Coffee Origin

Indonesia

Sumatran coffees are available as a unique semi-washed process and (rarely) fully-washed coffees. Semi-washed coffees are best described as "wet-hulled", locally called Giling Basah, and will have more body and often more of the "character" that makes Indonesians so appealing and slightly funky.

In this process, the parchment coffee (the green seed with the parchment shell still attached) is very marginally dried, then stripped of the outer layer, revealing a white-colored, swollen green bean. Then the drying is completed on the patio (or in some cases, on the dirt), and the seed quickly turns to a dark green color. The Arabica and Robusta coffees of Flores Island exhibit traditional Indonesian earthiness, heavy body and deep sweet chocolaty bitter sweetness.

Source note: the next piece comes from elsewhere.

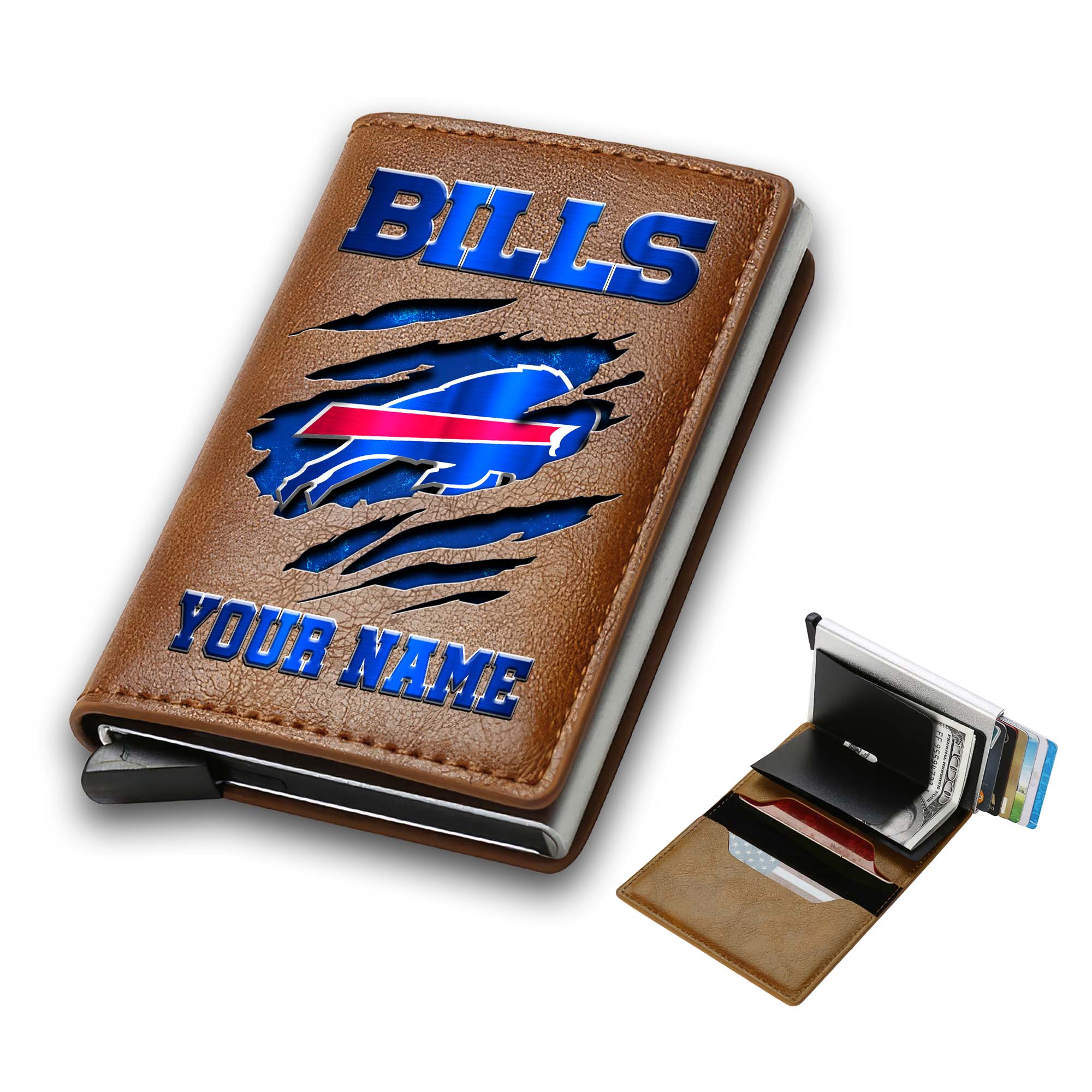 Alternative view of Buffalo Bills Men Wallet Custom Your Name, Football Team Men Wallet For Fans, Gifts For Football Lovers EHIVM-03061165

SUMATRA MANDHELING ARABICA GR.1

Region:
North Sumatra
Farm:
Small holders
Producer:
Local exporter
Elevation:
1000 – 1400 m
Varietal:
Various (Typica, S. 795)
Processing:
Wet Hulled – Giling Basah
Harvest:
November - June
Cup profile:
Smooth, thick, syrupy body, earthy, strong chocolate flavor, peppery spiciness.

AP FLORES ROBUSTA

Region:
West Flores Island, Manggarai
Farm:
Small holders
Producer:
Local exporter
Elevation:
800 – 1100 m
Varietal:
Various (origin. Congolese group of Robusta)
Processing:
Dry Natural
Harvest:
May - September
Cup profile:
Earthy, heavy body, low acidity and deep sweet chocolaty bitter sweetness.